色々と考え検討を重ねた挙句がヒカルの直球勝負になってしまったのは
やはり佐為との関係の深さの分ヒカルに歩があったということで…
だがアキラは、そんな結果に安堵していた。
やはり桑原の真似事は向かないし
彼女のためにも佐為のことを話しておくのは意味があると思ったからだ。
問題は荒唐無稽な話を彼女が信じてくれるか…である。
アパートに着くと神子は着替えて出かける準備をしていた。
二人が咎め立てる目をしているのに子どものようにうろたえて
首に巻くはずだったスカーフを頭に被ってしまった。
スカーフの隙間から怖気づいた仔猫のような目が覗いている。
「神子さん!」アキラとヒカルが同時に声をかけるとピクンと首をすくめる。
思わず吹き出したくなるくらい普段の神子は子どもっぽい。
だがアキラはスカーフの下から覗く首の細いラインと華奢な肩に
昨夜の心の中に生まれた疼きを思い出して笑えなかった。
傍で笑い出してしまったヒカルに神子が気をとられていることを願いながら
自分の気持ちを静める。
バツが悪そうにチロリと舌を出した神子がおどおどと言い出す。
「もう大丈夫だから仕事へ行こうと思って…」
だが一見和んだかに見えたヒカルも内心穏やかでないアキラも再び同時に叫んだ。
「ダメです!」
アキラとヒカルは厳しい表情で神子に仕事先に休む連絡を入れさせると
話があるからと座らせた。
とりあえず最初に切り込むのは真面目で信用度が高いアキラと打ち合わせていた。
ヒカルが頷くとアキラは話し始めた。
「昨日、診て頂いたお医者様から紹介状をもらいました。
費用はボクと進藤で佐為の出世払いということで貸します。
お父さんと一緒に入院してください。
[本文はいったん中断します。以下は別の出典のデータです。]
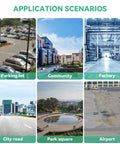 Application scenarios for the Top Shelf Ride On Floor Sweeper Kicking Dust At 92000 Sq Ft Per Hour showing various locations.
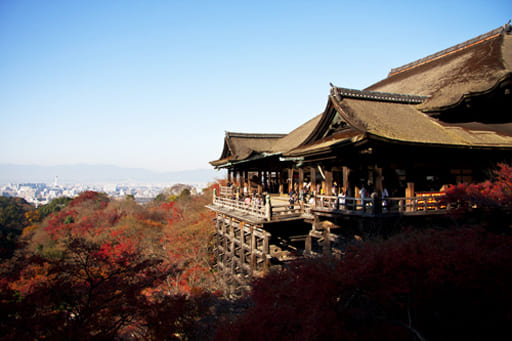 京都　清水寺、奥の院側から観る「清水の舞台」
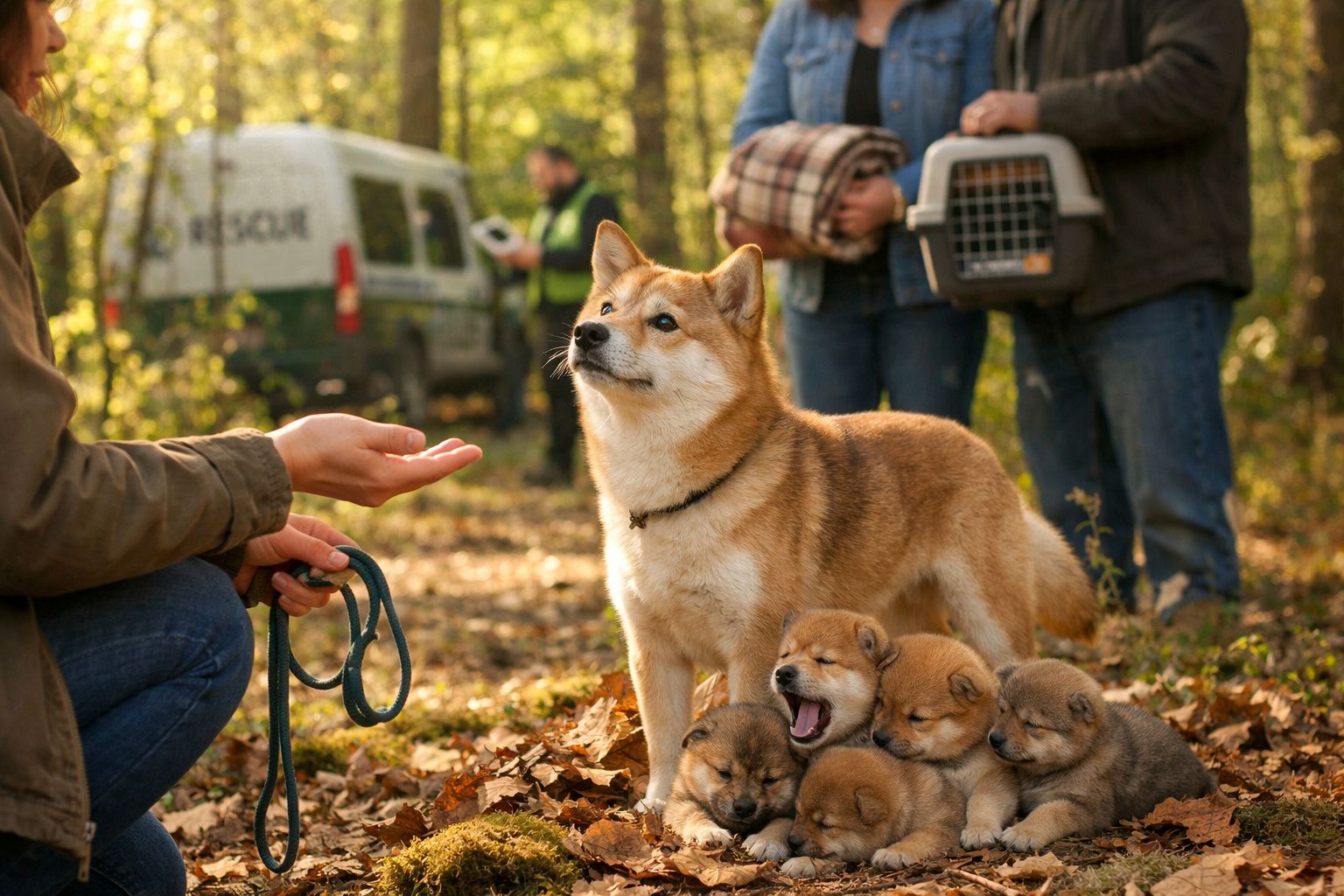 Cão adulto com cinco cachorros ao colo em floresta, resgate animal com pessoas ao fundo.
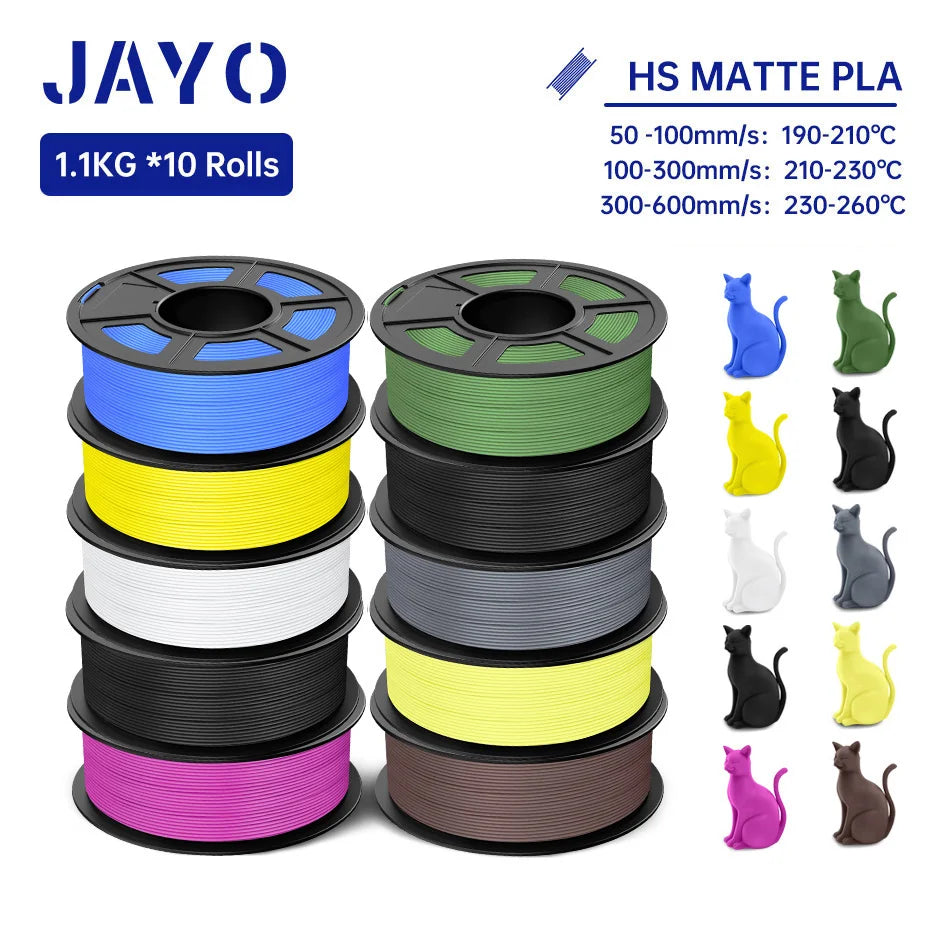 JAYO PLA Classic 3D Printer Filament 1.75mm High Speed Matte PLA 3D Filament 10Rolls/set Neatly Wound Matte Effect 1.1KG/Roll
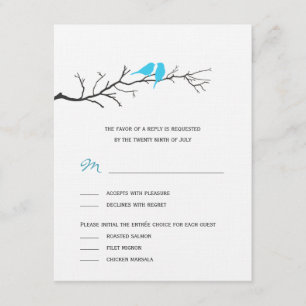 Oiseaux Silhouettes Mariage cartes RSVP - Turquois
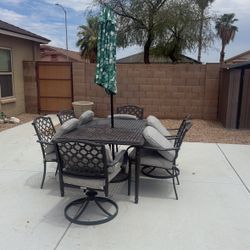 6 Seat Patio Set Metal 
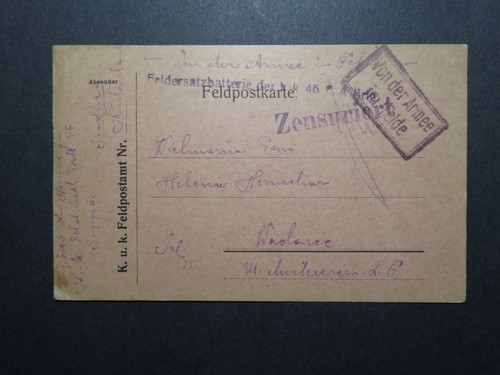 Austria wwi censurato feldpost - austria,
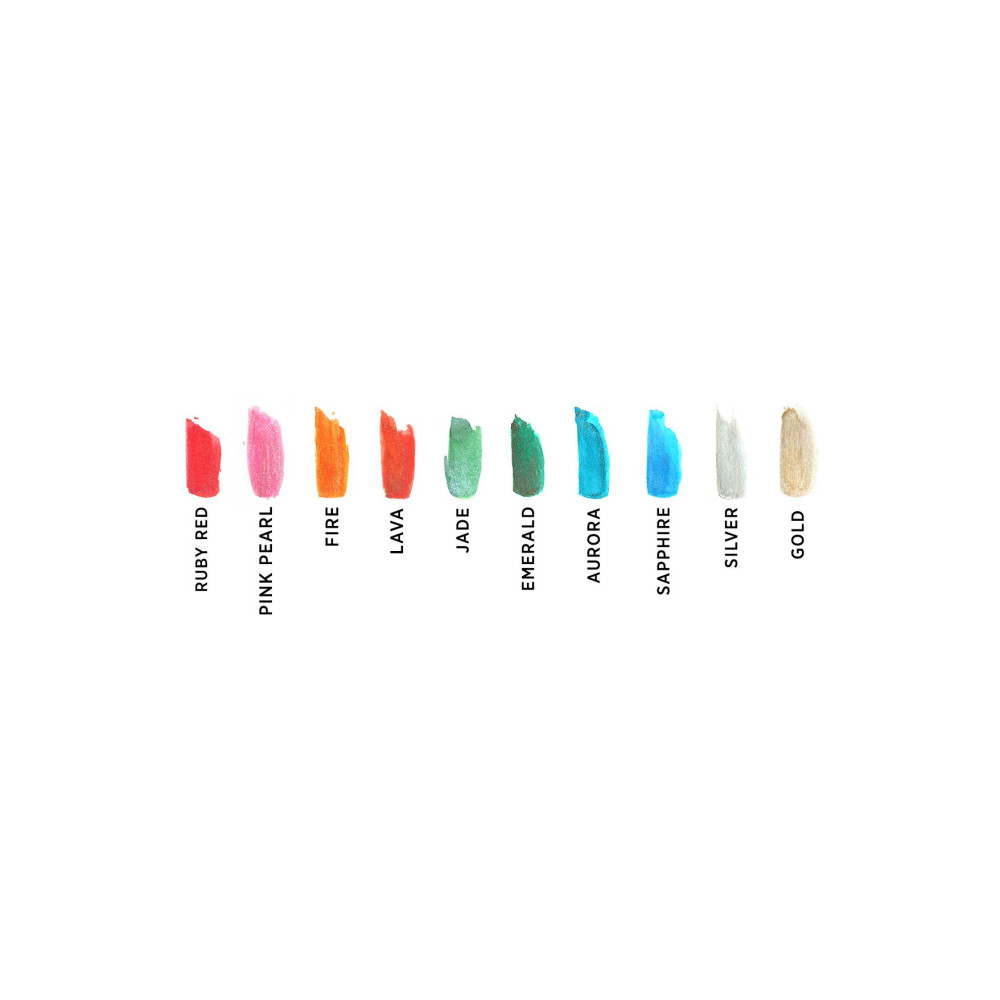 Watercolors colorsheets - Viviva Colors - Metallics Single Set, 10 colors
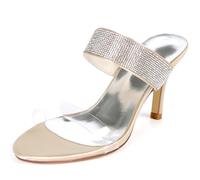 DANOBAB Damen Schuhe mit niedrigen Absätzen Brautschuhe Hochzeit Slip-On mit Strass Mary Jane Elfenbein Kitten-Hochabsatz aus Satin / 8.5 cm Absatz,Champagne,36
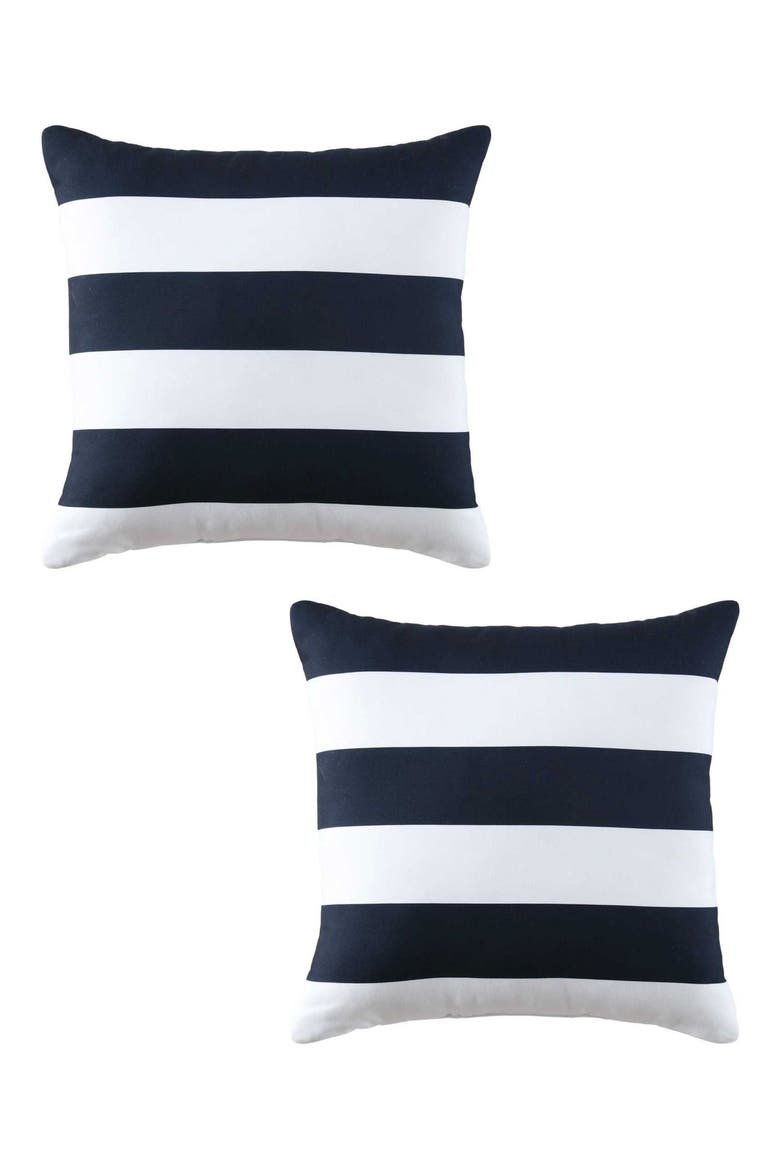 Sailor Stripe Microfiber Throw Pillow, Alternate, color, DARK BLUE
」
神子が断りを口にしようとするのをヒカルが遮った。
「理由もなく貸すといってるんじゃないんだ。オレは、そうしなければならない…
いや、そうする権利がある!」
神子が驚いて首を傾げると間髪を入れずにヒカルは話し始めた。
アキラは自分に佐為のことを話した時とは違い熱っぽく瞳を輝かせながら
泣き笑い話す進藤ヒカルを傍らで眺めていた。
あの時は階段を一歩一歩降りながら独り言を呟くように砂を噛むように話していた。
それが今は、まるで出会ったばかりのころに戻ったようだ。
苦鳴を噛み殺していた時も、真新しい扇子を握りしめていた時もあったのに…
いや、今でも心の中に傷はあるに違いない。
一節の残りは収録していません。